I reported for duty at the principal’s office on July 15, 2010. My item as national teacher was still due for August, so I was asked by the principal to be a volunteer teacher while waiting for my official appointment.
Volunteer teaching meant teaching without pay, but it was an opportunity for me to get know my would-be co-teachers, the school staff and also to get familiar with the duties and responsibilities of a public school teacher.
Looking back from what I have expected then, I thought my daily working routine would be: reporting in the morning, teach the prescribed number of minutes, and then go home at four in the afternoon—easy enough, but I was wrong. I found out that teaching required sacrifice which according to my veteran co-teachers would sometime even required giving the time you reserved for your family. They were right.

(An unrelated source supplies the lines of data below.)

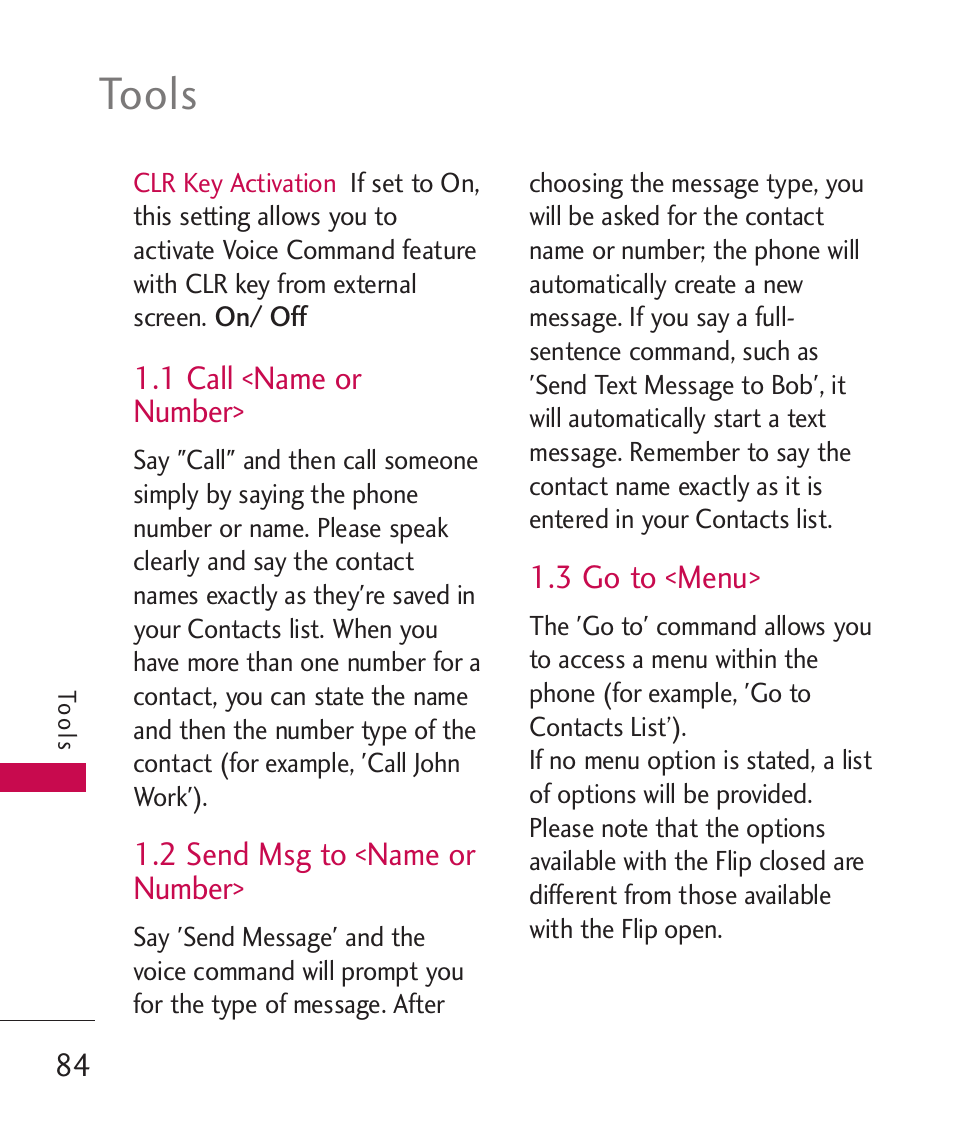 Tools | LG ELLIPSE 9250 User Manual | Page 86 / 169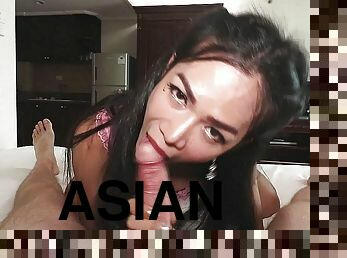asiatisk, shemale, anal, avsugning, ladyboy, pov, underkläder, rumpa-butt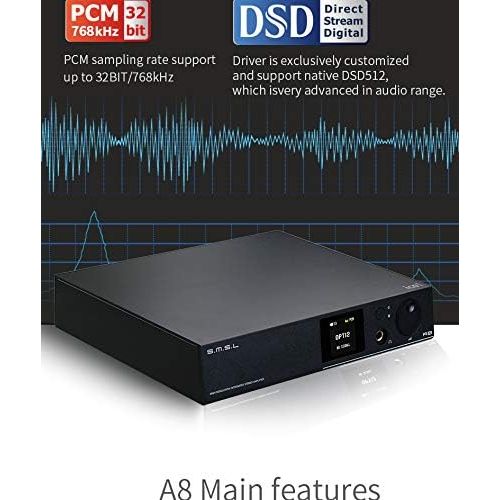  S.M.S.L SMSL A8 HIFI Audio Digital Power Amplifier DAC and Headphone Amplifier Uses Latest XMOS Solution and ICEpower 125Wx2 Module and AK4490 DAC,Supports PCM 768khz DSD512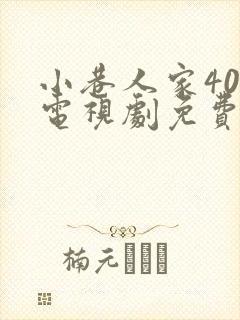 小巷人家40集电视剧免费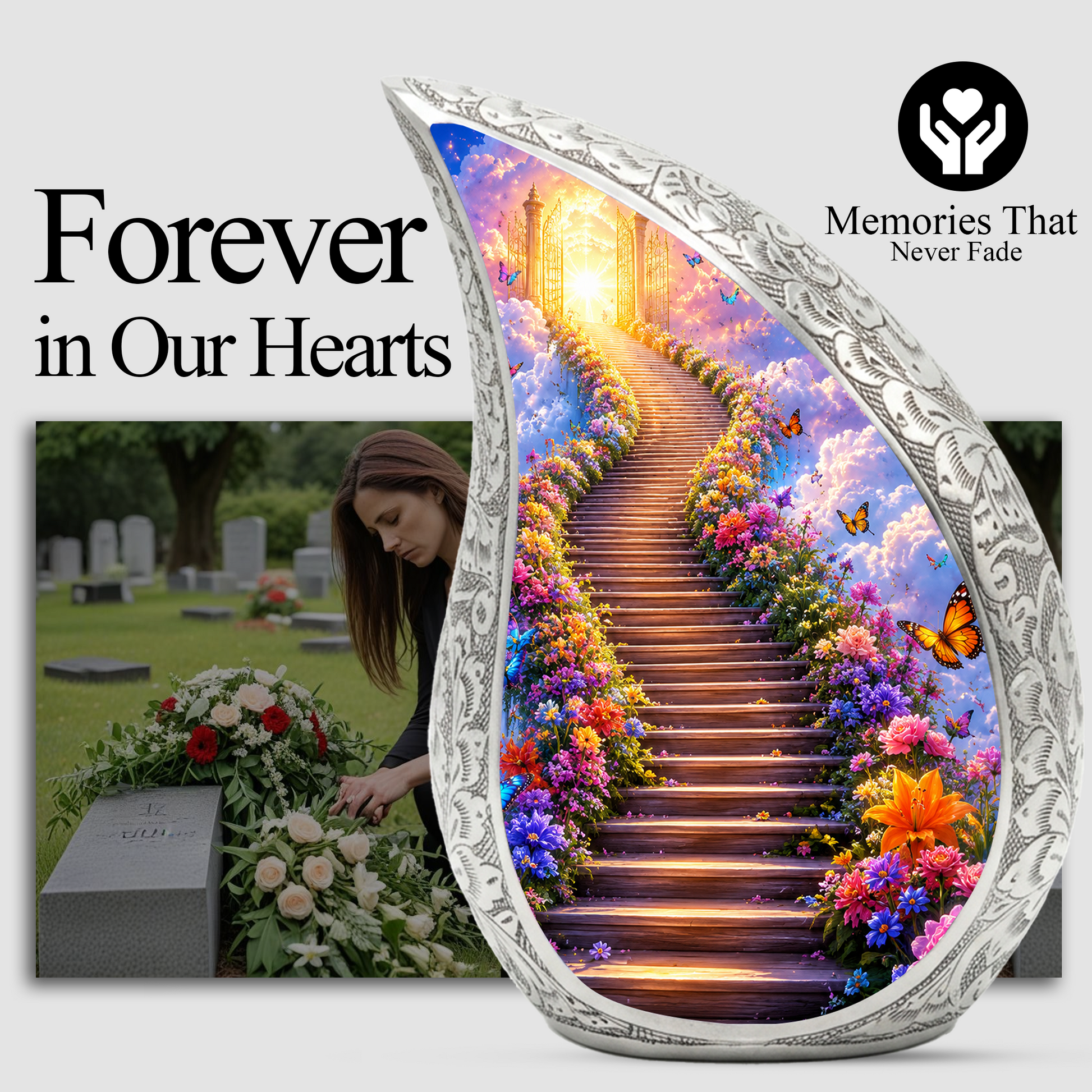 Heaven Gate Butterfly Urn for Ashes - Personalized Adult Cremation Urn with Butterflies | Memorial Funeral Urn for Adult Ashes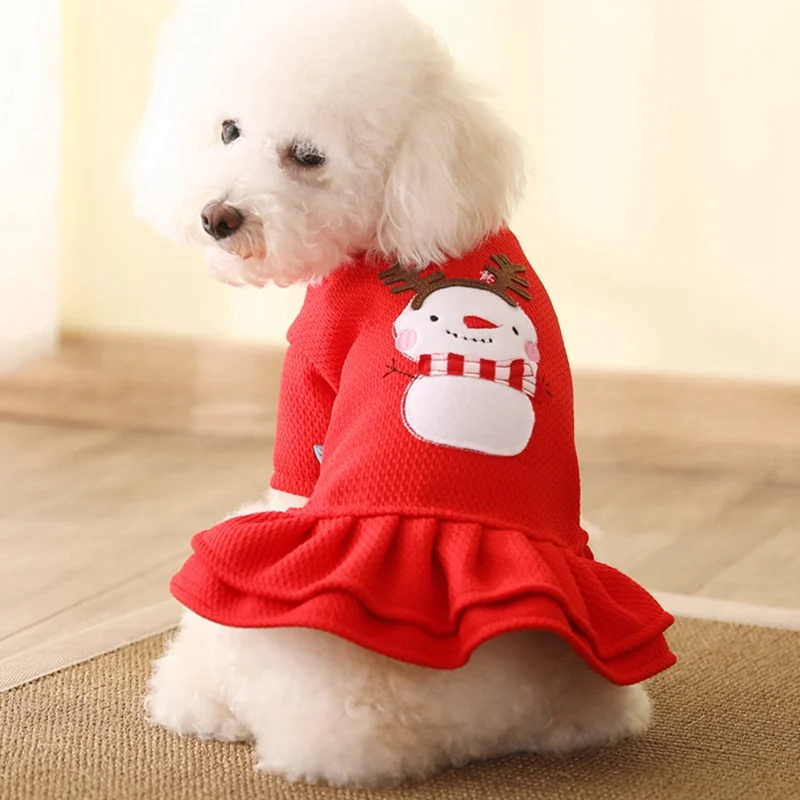 Теплая одежда для домашних животных костюм для девочки с собакой платье принцессы симпатичная одежда с 2 леггинсами Рождественский наряд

I taught grade five pupils for a month before I was transferred to grade six.
It seemed like it was just few days ago because I still did not know some of my co- teachers by name though I knew all of them by face, but, also, somehow it felt like it had been years because I already felt at home especially in grade six--it’s the camaraderie. My co-teachers have shared a lot of wisdom and experiences with me that somehow I felt I had been with them for a long time.
The stories these veteran teachers shared were not just stories; they were also history of the school and the community. Their stories showed the changes that slowly happened in the school, in the department, changes in the children’s behavior even the changes in the philosophies of the teachers as the years passed by.
There were also anecdotes about principals, supervisors and co-teachers, and even ghost stories about a particular room and legends about the place where the school stood. I love stories and history, so I enjoyed listening to them.
Many of my co-teachers were Master Teachers who were about to retire, but as long as these MTs were still here, I would enjoy their teasings, their hollerings, their sandwiches, biscuits, coffees and most of all their stories—there’s practical knowledge and wisdom in them.